What happens in chronic, uncontrolled asthma that causes permanent and non-reversible change in the airway structure?

  • If asthmatic inflammation is inadequately controlled over a prolonged period, the repeated waves of inflammation and tissue damage may eventually result in long term irreversible reductions in airway function known as airway remodelling.
  • These pathological changes include smooth muscle hypertrophy, increased secretion of highly-viscous mucus and goblet cell hyperplasia, immune cell infiltration, disrupted epithelium (enabling greater infiltration of allergens), basement membrane thickening, and possible fibrosis.
  • As these changes are currently irreversible, one of the primary aims of treatment is to prevent degeneration of airway function via adequate control of symptoms and inflammation.

Hypertrophy meaning - It is the enlargement or overgrowth of an organ or part due to an increase in size of its constituent cells.

Hyperplasia meaning - It is an increase in the amount of organic tissue that results from cell proliferation. It may lead to the gross enlargement of an organ.

Infilteration meaning - The diffusion or accumulation in a tissue or cells of substances not normal to it or in amounts of the normal.

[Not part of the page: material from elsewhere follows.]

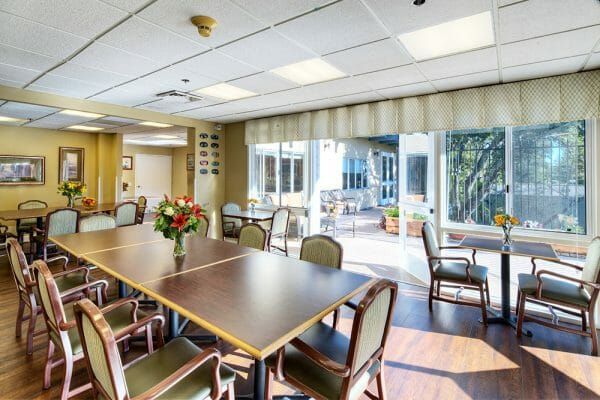 Community dining room in WindChime of Marin Memory Care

List some pharmacological treatments for asthma.

The most effective are β-2 adrenoreceptor agonists and corticosteroids as they work on the patients symptoms that are generally shared between all asthma patients.


Why are the symptoms shown between asthma patients different?

  • Asthma is a complex & heterogeneous condition with multiple endotypes (sub-types).
  • This makes it difficult to treat as the causes of the disease for different people can be different. So the same drug may not necessarily work on everybody.